▶ WHAT YOU SHOULD DO
Please give the data again in full, exactly as it reads.

▶ EXERCISE DATA

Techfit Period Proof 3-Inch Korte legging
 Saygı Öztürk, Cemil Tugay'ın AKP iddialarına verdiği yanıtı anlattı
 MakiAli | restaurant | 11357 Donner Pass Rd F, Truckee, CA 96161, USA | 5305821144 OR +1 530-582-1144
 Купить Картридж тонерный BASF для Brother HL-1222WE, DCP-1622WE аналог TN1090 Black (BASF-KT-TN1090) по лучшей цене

▶ SOLUTION TO THIS PROBLEM
Techfit Period Proof 3-Inch Korte legging
 Saygı Öztürk, Cemil Tugay'ın AKP iddialarına verdiği yanıtı anlattı
 MakiAli | restaurant | 11357 Donner Pass Rd F, Truckee, CA 96161, USA | 5305821144 OR +1 530-582-1144
 Купить Картридж тонерный BASF для Brother HL-1222WE, DCP-1622WE аналог TN1090 Black (BASF-KT-TN1090) по лучшей цене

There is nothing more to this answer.